[Crawled caption data]

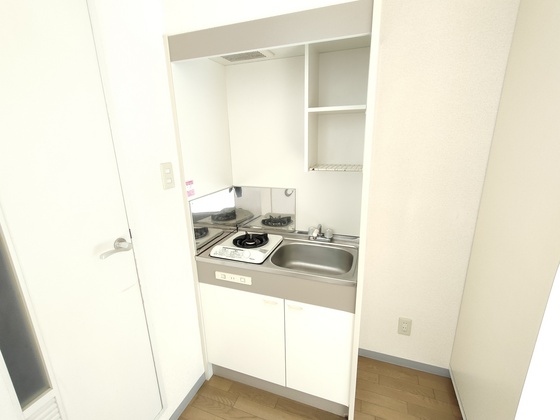 牛田本町 橋本ビル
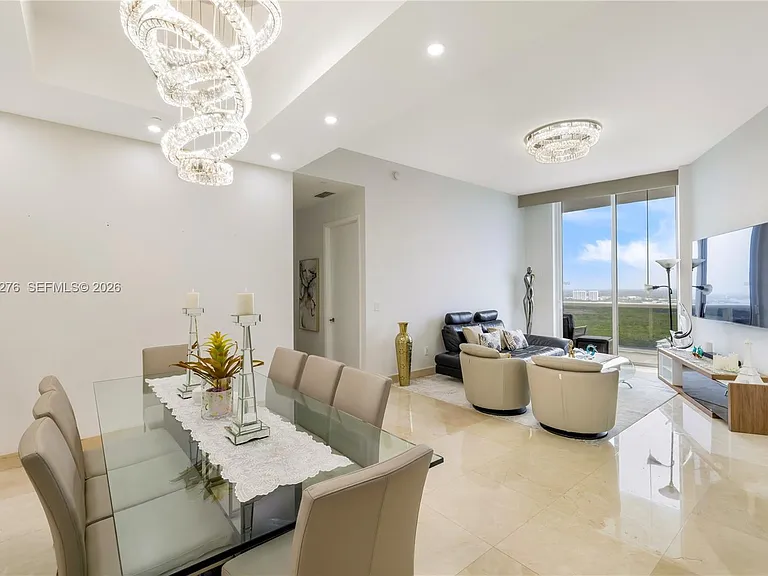 16001 Collins Ave #3505 — Photo 15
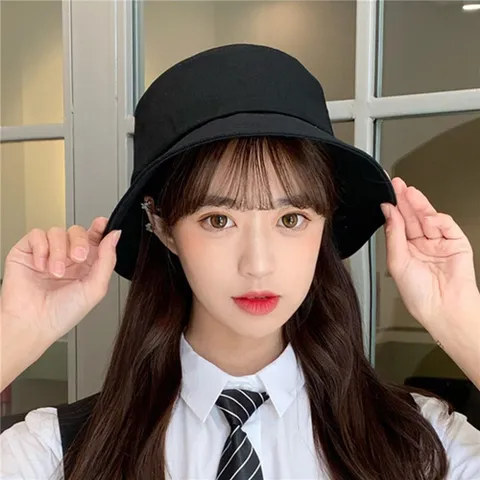 썬캡 해변모자 여성선캡 선캡 스타일 모자 비치모자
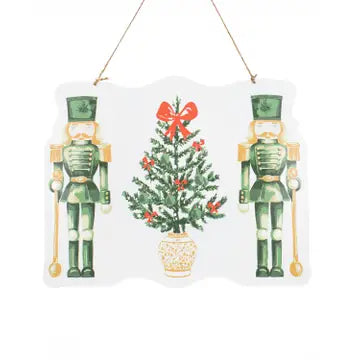 The Royal Standard- Door Hangers (In-Store Only)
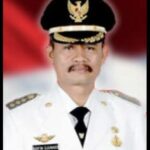 Sang “Birokrat Tahan Banting” Bupati Kedua Luwu Utara Arifin Junaidi Wafat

» **Exercise instructions**:
Return the records verbatim, minus pictures.

» **Written solution**:
 牛田本町 橋本ビル
 16001 Collins Ave #3505 — Photo 15
 썬캡 해변모자 여성선캡 선캡 스타일 모자 비치모자
 The Royal Standard- Door Hangers (In-Store Only)
 Sang “Birokrat Tahan Banting” Bupati Kedua Luwu Utara Arifin Junaidi Wafat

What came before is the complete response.